I have a yellow lab. Love the pets especially the hermit crab. What is turo again.


----------



## speeddemonbk (Sep 30, 2012)

Turbo is a (male) Purple Pincher hermit crab. He is just upside down in the picture lol


----------



## Lizzie the Badger (Jun 12, 2012)

I'm not going to go all hermit crab obsessed on you  But, are you on any hermit crab forums?

All your pets are cute!


----------



## bettafishfinnatic (Mar 18, 2012)

you should visit www.landhermitcrabs.com lol i used to have 4! but 3 of them died and i gave the other one to the queen of crabs to my friend mikayla who had 22 in a 68 gallon tank and i have a golden retriever named sunny you can see her in my albums


----------



## LadyVictorian (Nov 23, 2011)

wow....your husky mix has the most beautiful eyes ever.


----------



## teeneythebetta (Apr 29, 2012)

So cute
I am in love with Buddy what a beautiful dog!


----------



## Destinystar (May 26, 2012)

Buddy is beauty...I have a Corgi blue heeler mix he is awesome I will have to post his picture here soon, his name is Barkley and he has one blue eye and one brown.


----------



## speeddemonbk (Sep 30, 2012)

Everybody loves Buddy lol. He's an attention hog, and he knows how to work those blue eyes...

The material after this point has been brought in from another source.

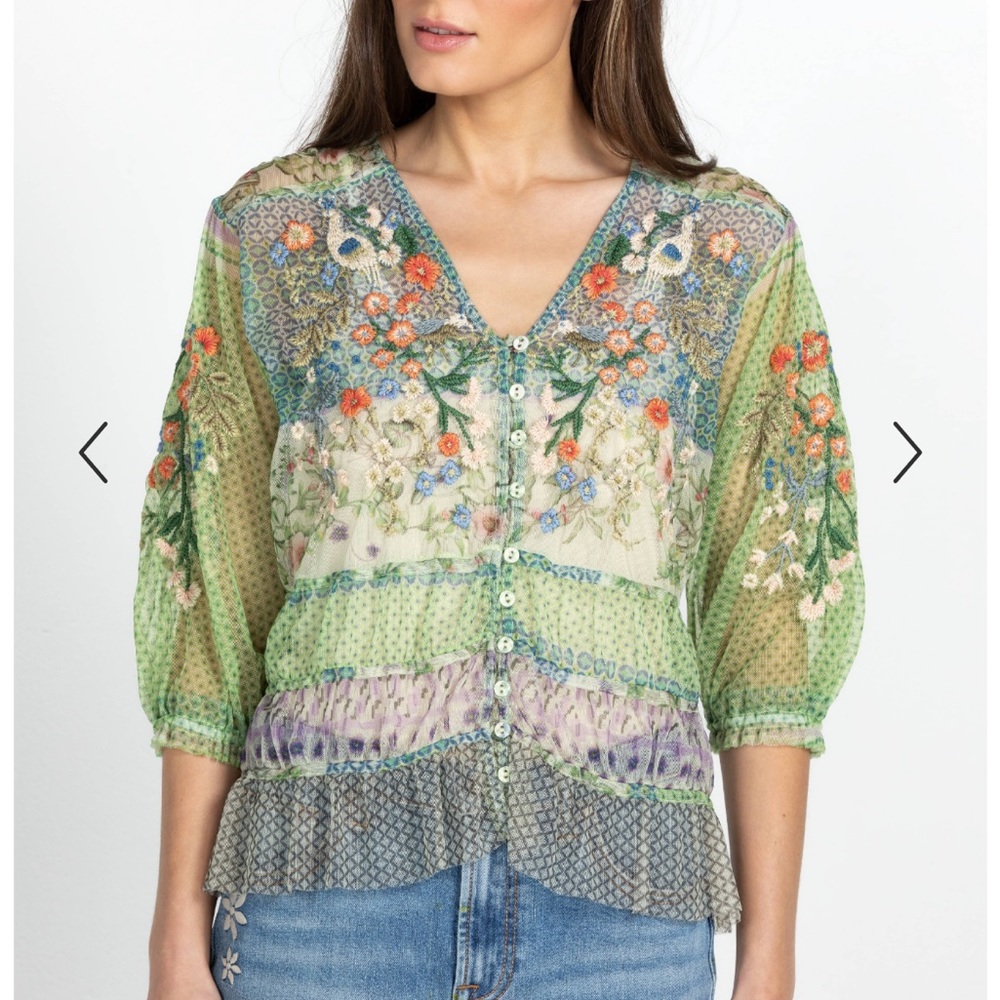 Boho WINX MESH BLOUSE Johnny Was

Yes, I am guilty of being on HCA forums for my hermit crabs. I actually got three more since I posted this...I have to tell myself "No more pets, no more pets" I wanted to take all 20 home cause I fell in love lol.










^ Unnamed really friendly male










^ Chip









^Unnamed unknown gender- this one pinched me and when his claw is bigger than a quarter...it did not feel too pleasant. (Chip -in the side of the pic- makes me laugh, it's like he's giving me the middle finger for taking pics)


----------